Ukranian skycutters like to fly when theres wind that keeps them up. How long u have them for? Try to fly them in the mornings. Toss them about 200-300 yards from your loft.


----------



## Sunne

thanks aslan1  I've had them for two months.


----------



## wingpatch

*higher , longer*

canery seed, helps along with maybe a little more feed..any how it sure works good on rollers...


----------



## Pigeonmumbler

Get a 10’ Bamboo fishing pole and tie a bag or rag too the Tip and wave that at them, or get a small hand ball and throw that in the air, or get a paper or plastic bag and blow it up, then pop it… they’ll get up there…!


----------



## Sunne

Thanks for the tips wingpatch and Pigeonmumbler


----------



## Jimbo113

Flagging them will sure help. I would boost up their daily feed ration a little at a time till results started to show up. Like someone said above though, best to fly in the morning if you are going to run them high and long. Try to avoid overflies that way. Watch out for approaching storm systems too.
Best of luck!!
Jimbo


----------



## sdymacz

Robert L got some try to pm him

http://www.pigeons.biz/forums/member.php?u=6959


----------



## shkhhasnain126

*high*

maybe you can feed them 1/3 of the food u give them and catch them make them fly and take a big bamboo stick hover it above


----------



## shkhhasnain126

*fly high*

i have a pair of thailand laughers and a pair of black pigeon but they dont fly any help please!!


----------



## johnnyksspeedshop

This is an old post, but I used to have Ukrainian Skycutters and Polish Orliks when I was younger, and I have to say, they are the laziest birds ever and by lazy I just mean they do not want to fly. You have to force them to fly, and even if you scare them up they often land on a the house or somewhere where its difficult to scare them up again. It takes them alot of work on your part to have them trained properly. Anyway, as Aslan said, the only time they flew pin point or higher for me was on days where they was a good amount of wind.


----------



## Sunne

wonword said:


> This is an old post, but I used to have Ukrainian Skycutters and Polish Orliks when I was younger, and I have to say, they are the laziest birds ever and by lazy I just mean they do not want to fly. You have to force them to fly, and even if you scare them up they often land on a the house or somewhere where its difficult to scare them up again. It takes them alot of work on your part to have them trained properly. Anyway, as Aslan said, the only time they flew pin point or higher for me was on days where they was a good amount of wind.

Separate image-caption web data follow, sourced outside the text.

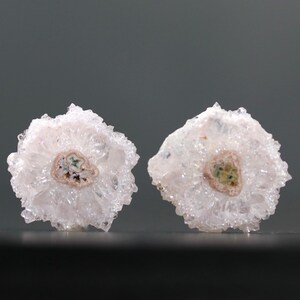 May include: Two white quartz crystal clusters with a central, circular pattern. The centers have a mix of brown, green, and tan hues. The crystals have a spiky, textured appearance, and are set against a gray background.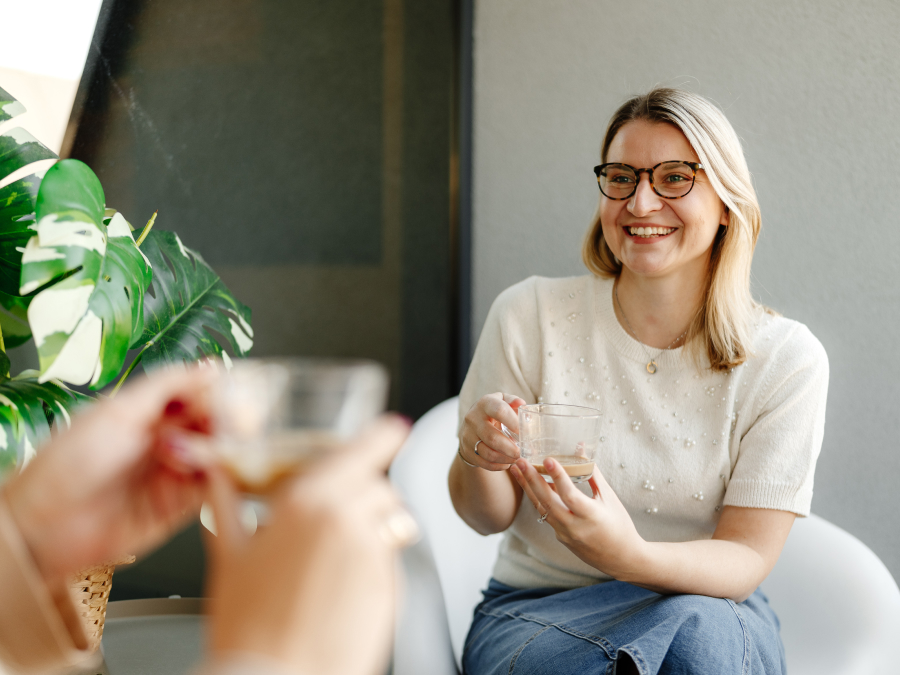 The team drinks coffee together, fostering collaboration and strengthening their bond.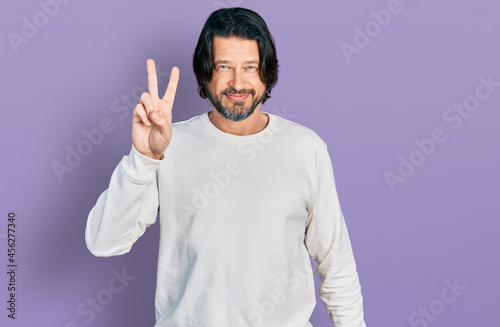 Middle age caucasian man wearing casual clothes smiling looking to the camera showing fingers doing victory sign. number two.
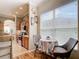 Charming breakfast nook with a view, complemented by cozy seating and natural light at 3601 Mount Hope Loop, Leesburg, FL 34748
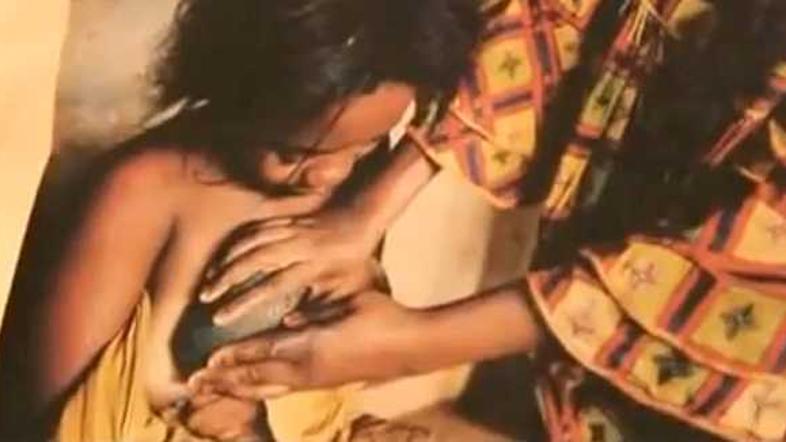 Polaganje vročih kamnov na deklico. (Foto: Current TV)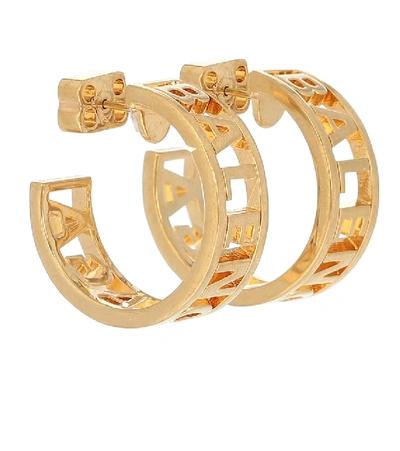 Shop Balenciaga Logo Hoop Earrings In Gold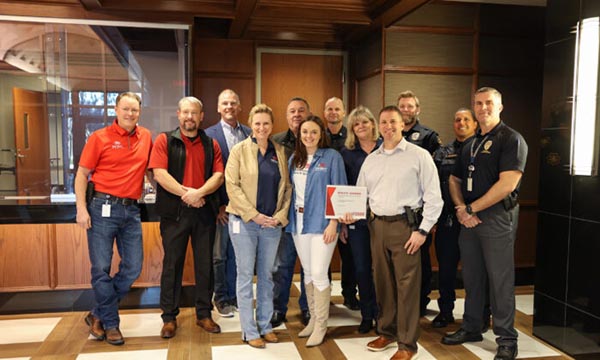 Patriot Mobile at Grapevine Police Donation - Moms for America Media & News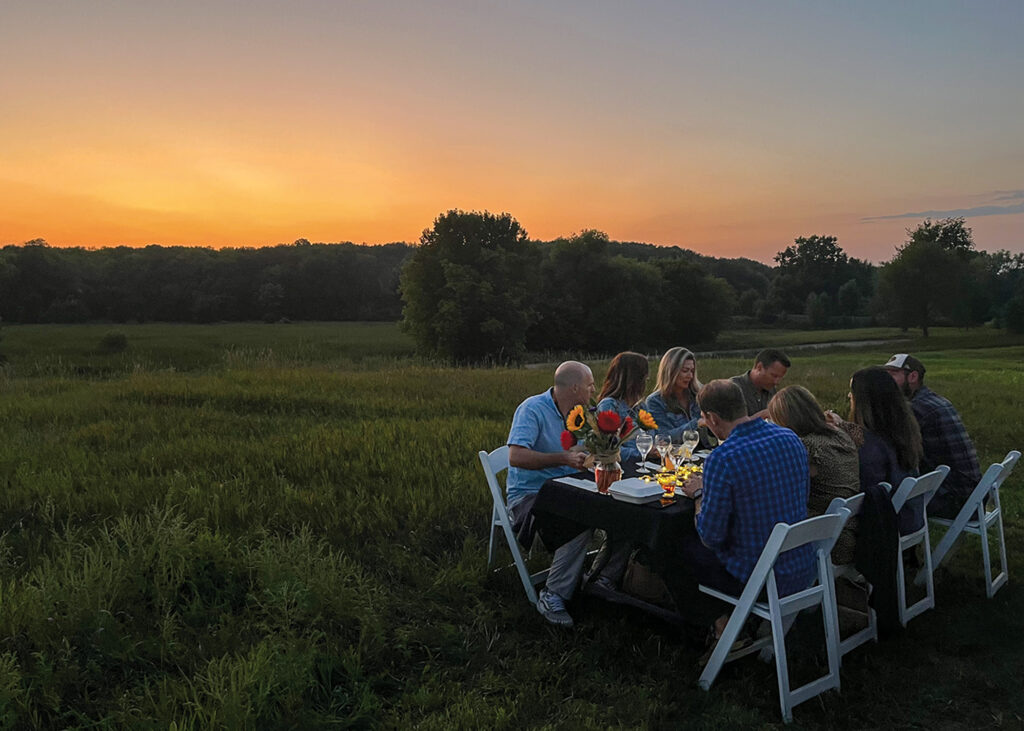 A small group gathered at a picnic table in an empty grass field as the sun sets behind them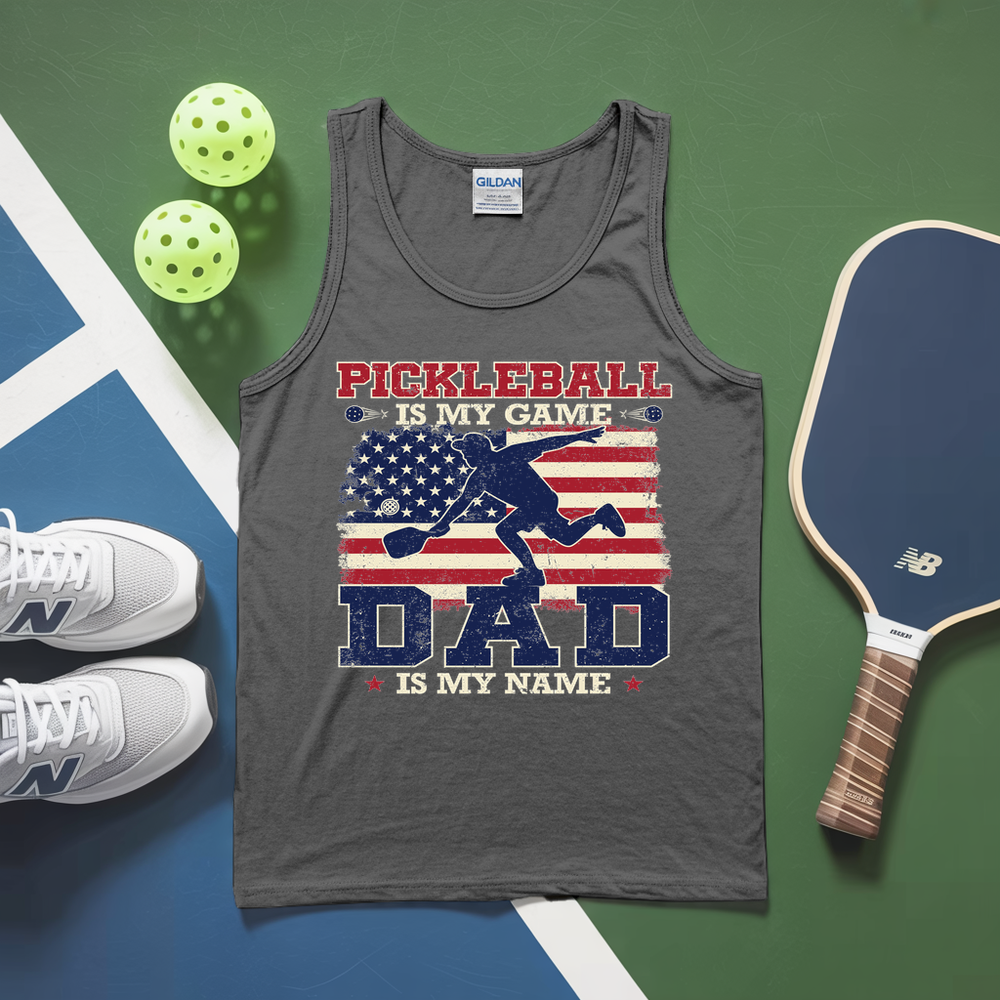 Gray tank top with pickleball design and text, surrounded by pickleballs and a paddle on a green and blue surface.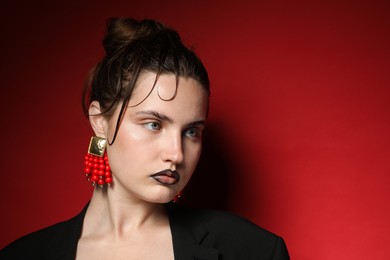 Photo of Beautiful young woman with black lip liner wearing stylish earrings on dark red background, space for text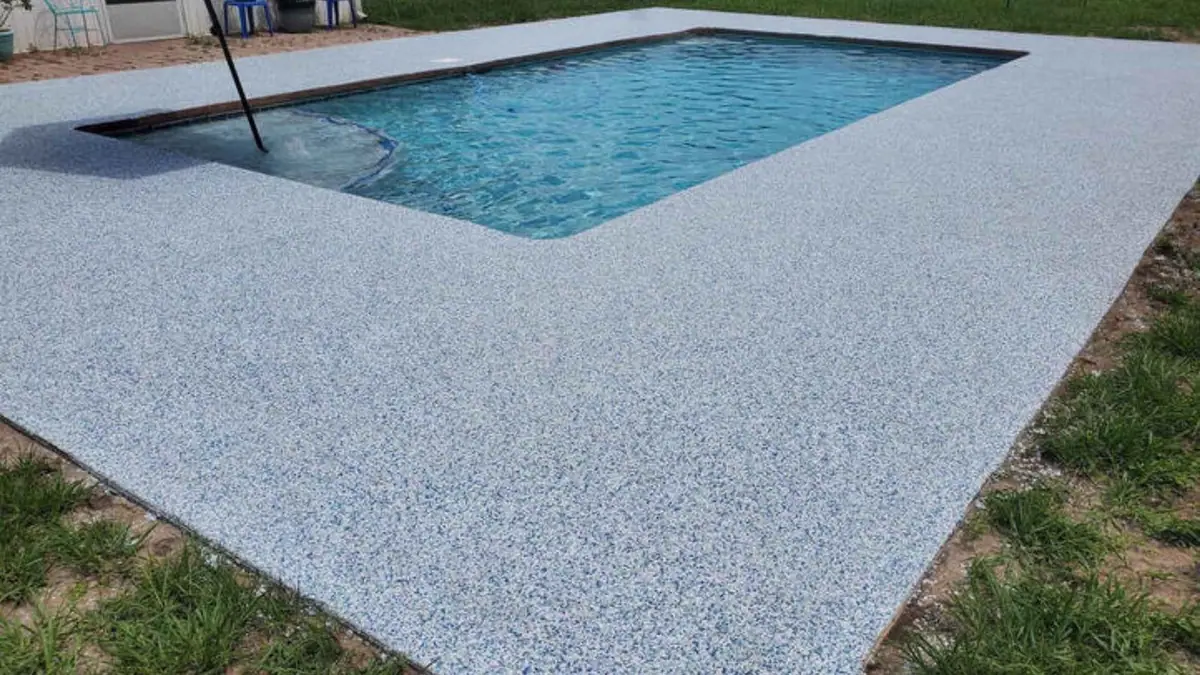 Coated pool deck around a backyard swimming pool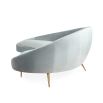 contemporary, curved sofa with velvet upholstery and golden legs
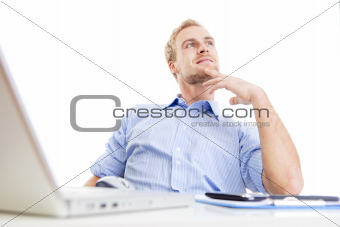 young man at office, sitting leaning back daydreaming
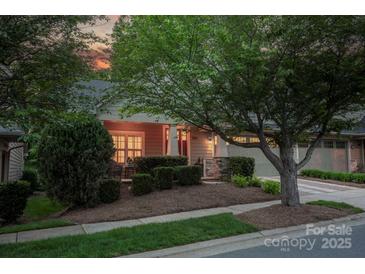 Charming exterior with well-manicured landscaping, inviting porch, and attached two-car garage at 142 Aztec Cir, Mooresville, NC 28117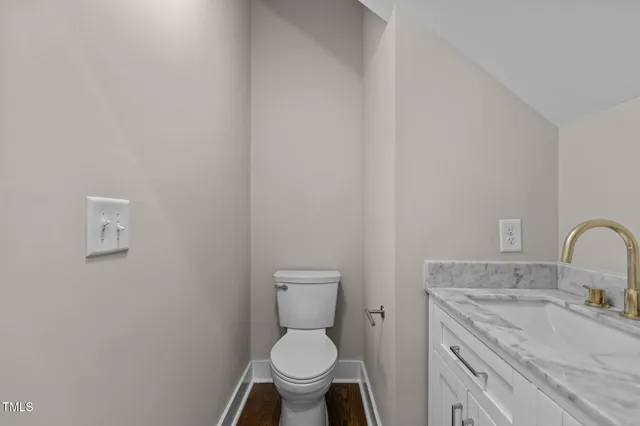 a bathroom with a granite countertop toilet and a sink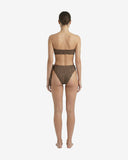 Back view of the leopard-patterned bikini highlighting the bandeau fit and the minimal coverage of the thong style bottoms.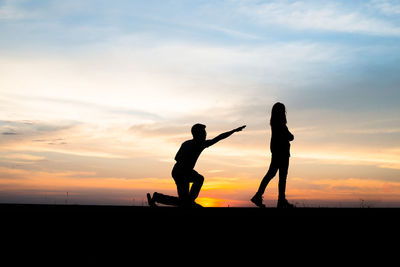 Silhouette man and woman against sky during sunset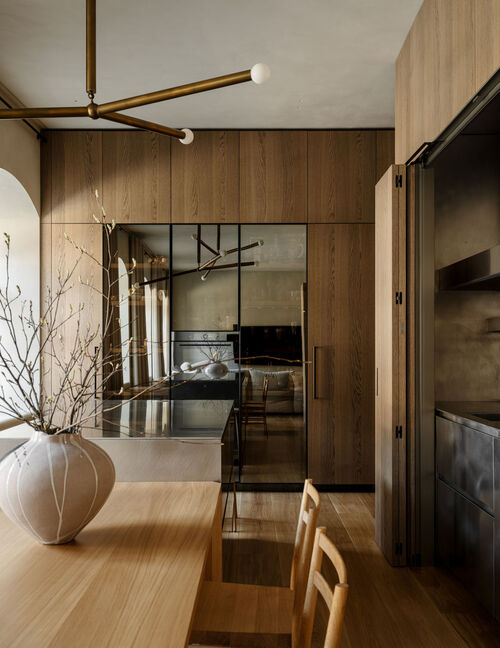 Fossil oak cabinetry with glass modules in a residence featuring an Arclinea kitchen.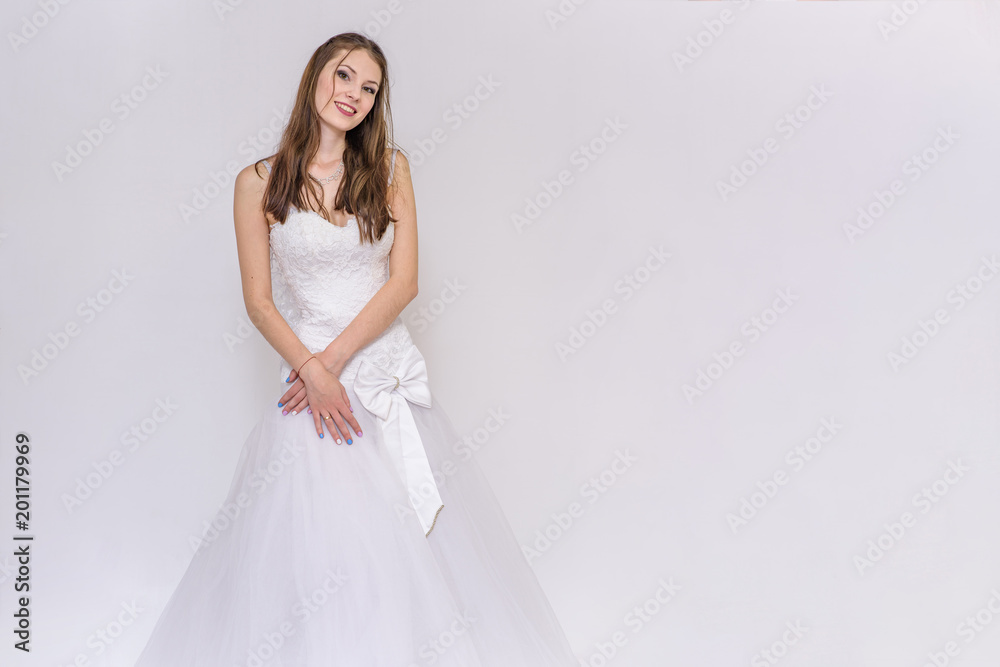 beautiful bride in white wedding dress in different poses on white backgrounds shows different emotions beautiful bride in white wedding dress in different poses on white backgrounds shows different emotions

Yes, you are right they are quite lazy. They only fly when theres a good amount of wind to keep them up. Without the wind, they dont do much


----------



## kaisar hamid

hi guys , attention please, , , , , how to i know , which pigeon is high flying pigeon?


----------



## NZ Pigeon

I would up the barley and feed them as late at night as possible, get them out early as possible the next day, I do not like flagging, I believe if a bird is in condition it will want to fly, The flag may be needed now to get them up, also as they are from another loft it can be harder as you don't get the chance to put them out young and get them flying when they are excitable and young.


----------



## hamlet

kaisar hamid said:


> hi guys , attention please, , , , , how to i know , which pigeon is high flying pigeon?


Hello. I would use my eyes . One would have to see them in the air in person or be guaranteed by the closed leg band number of the bird. Sorry, that is my only way.


----------